* [DESCRIPTION OF THE TASK]: What you return must match the data below exactly, minus any pictures.

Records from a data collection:

__________

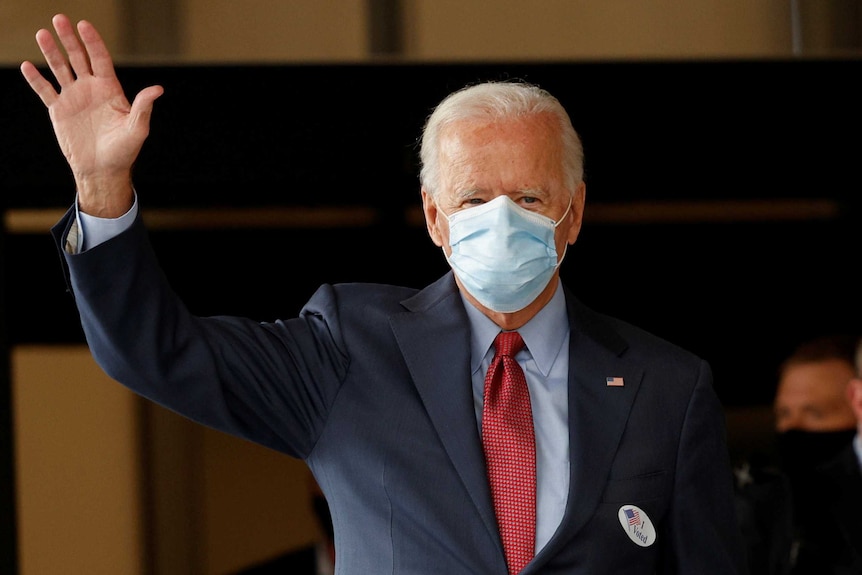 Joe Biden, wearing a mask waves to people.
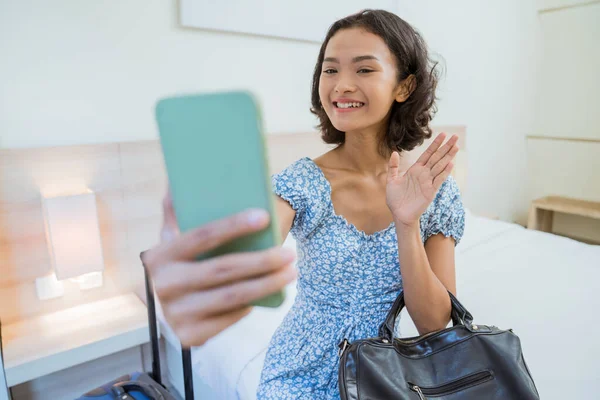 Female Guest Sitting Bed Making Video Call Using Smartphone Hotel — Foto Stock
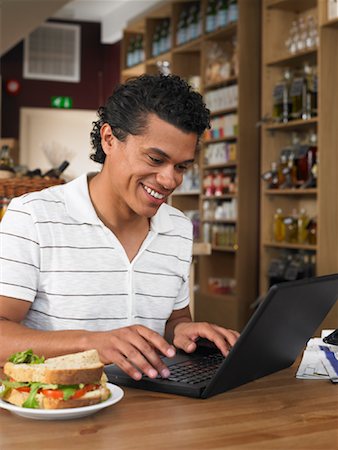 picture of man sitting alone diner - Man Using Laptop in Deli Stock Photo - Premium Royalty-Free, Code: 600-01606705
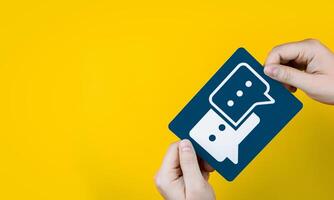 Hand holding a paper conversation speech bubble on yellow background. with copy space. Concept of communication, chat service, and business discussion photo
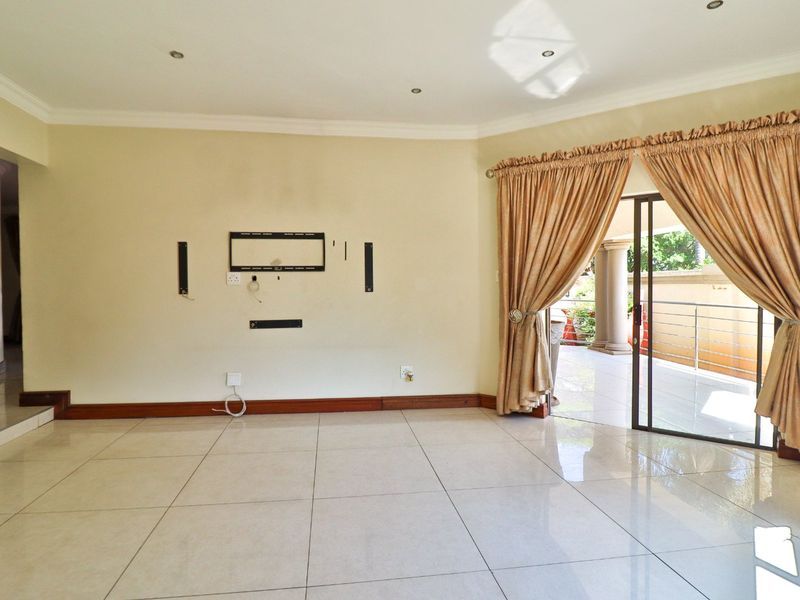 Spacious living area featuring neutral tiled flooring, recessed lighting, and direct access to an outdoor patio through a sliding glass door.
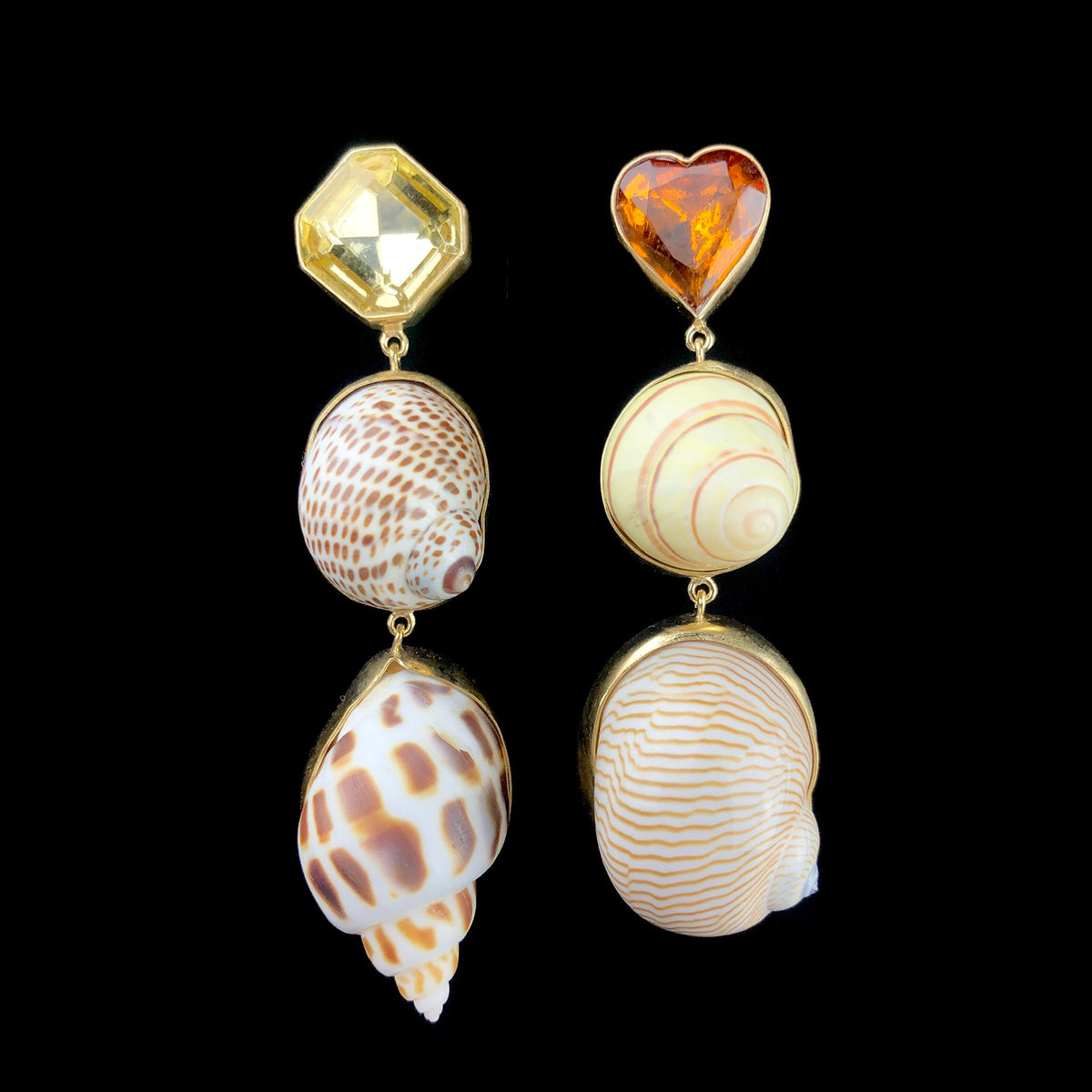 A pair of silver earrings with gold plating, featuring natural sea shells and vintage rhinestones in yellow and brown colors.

__________

* [WRITTEN RESPONSE]:
 Joe Biden, wearing a mask waves to people.
 Female Guest Sitting Bed Making Video Call Using Smartphone Hotel — Foto Stock
 picture of man sitting alone diner - Man Using Laptop in Deli Stock Photo - Premium Royalty-Free, Code: 600-01606705
 Hand holding a paper conversation speech bubble on yellow background. with copy space. Concept of communication, chat service, and business discussion photo
 Spacious living area featuring neutral tiled flooring, recessed lighting, and direct access to an outdoor patio through a sliding glass door.
 A pair of silver earrings with gold plating, featuring natural sea shells and vintage rhinestones in yellow and brown colors.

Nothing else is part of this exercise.